Originally Posted by strunz

$\frac{8}{y-2}-\frac{13}{2}=\frac{3}{2y-4}$

LCD must be 2y-4

$(\frac{8}{y-2})(\frac{2y-4}{2y-4})-(\frac{13}{2})(\frac{2y-4}{2y-4})=(\frac{3}{2y-4})(\frac{2y-4}{2y-4})$

...Someplace I've must made a mistake as my book says y=3.

If the LCD is 2(y - 2) (and you're right: it is), then why are you converting to the various different denominators you did...?

Instead, try multiplying through (since this is an equation, so "multiplying through" is allowed) by what that common denominator would be, were you converting to it.

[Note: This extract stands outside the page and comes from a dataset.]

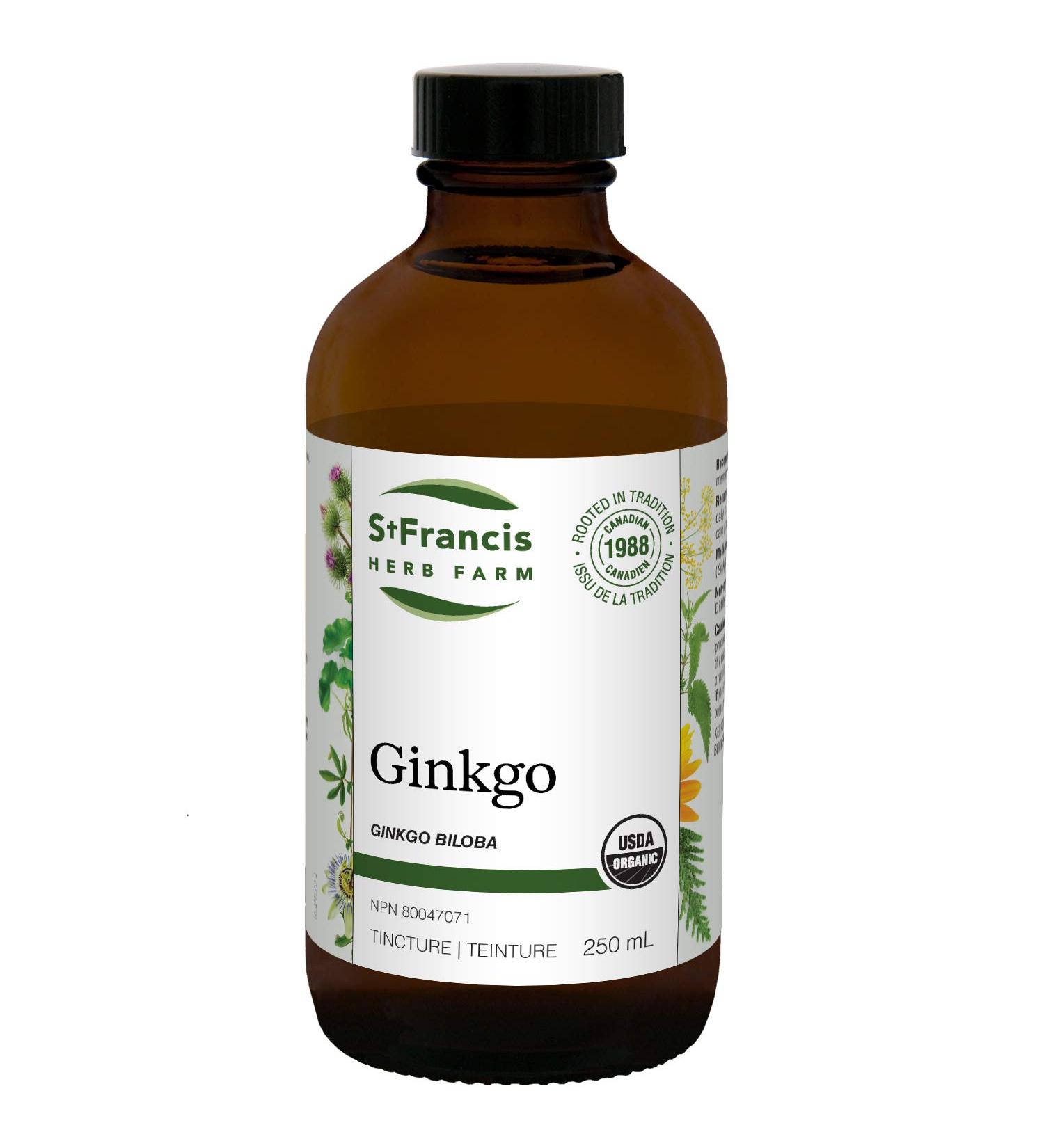 St. Francis Herb Farm Ginkgo (Ginkgo biloba leaf) Certified Organic Herbal Tincture Extract used in Herbal Medicine to support peripheral circulation it is also beneficial for improving cognitive behaviour and sleep patterns - 250ml 250 ml (Pack of 1) - Buy Online on GoSupps.com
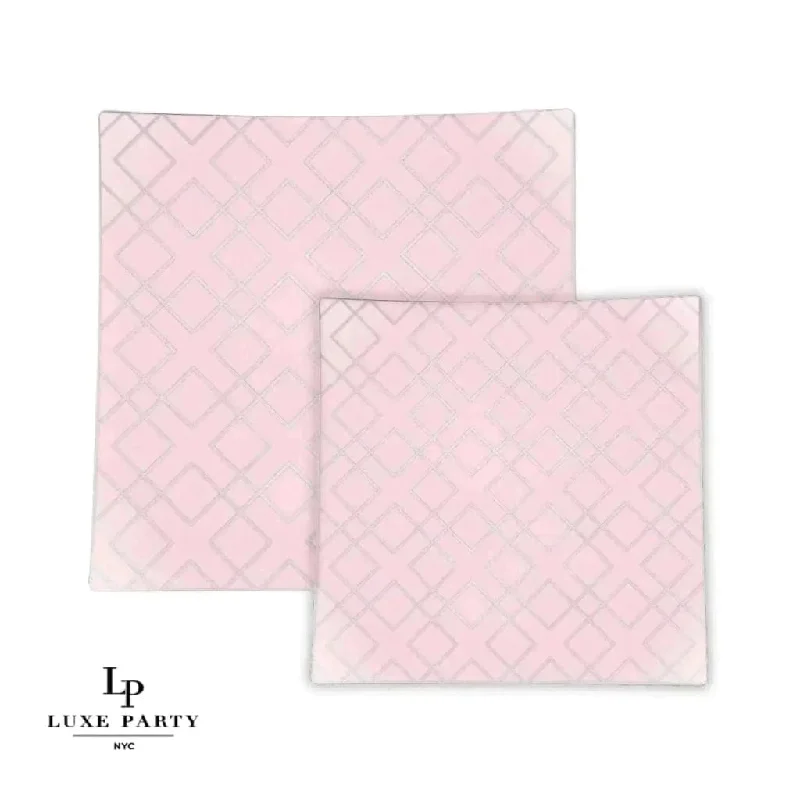 Square Blush • Silver Art Deco Pattern Plastic Plates | 10 Plates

. . . . . $\frac{8}{y\, -\, 2}\, -\, \frac{13}{2}\, =\, \frac{3}{2(y\, -\, 2)}$

. . . . . $\left(\frac{8}{y\, -\, 2}\right)\left(\frac{2(y\, -\, 2)}{1}\right)\, -\, \left(\frac{13}{2}\right)\left(\frac{2(y\, -\, 2)}{1}\right)\, =\, \left(\frac{3}{2(y\, -\, 2)}\right)\left(\frac{2(y\, -\, 2)}{1}\right)$

. . . . . $(8)(2)\, -\, (13)(y\, -\, 2)\, =\, 3$

. . . . . $16\, -\, 13y\, +\, 26\, =\, 3$

. . . . . $16\, +\, 26\, -\, 3\, =\, 13y$

. . . . . $39\, =\, 13y$

...and so forth.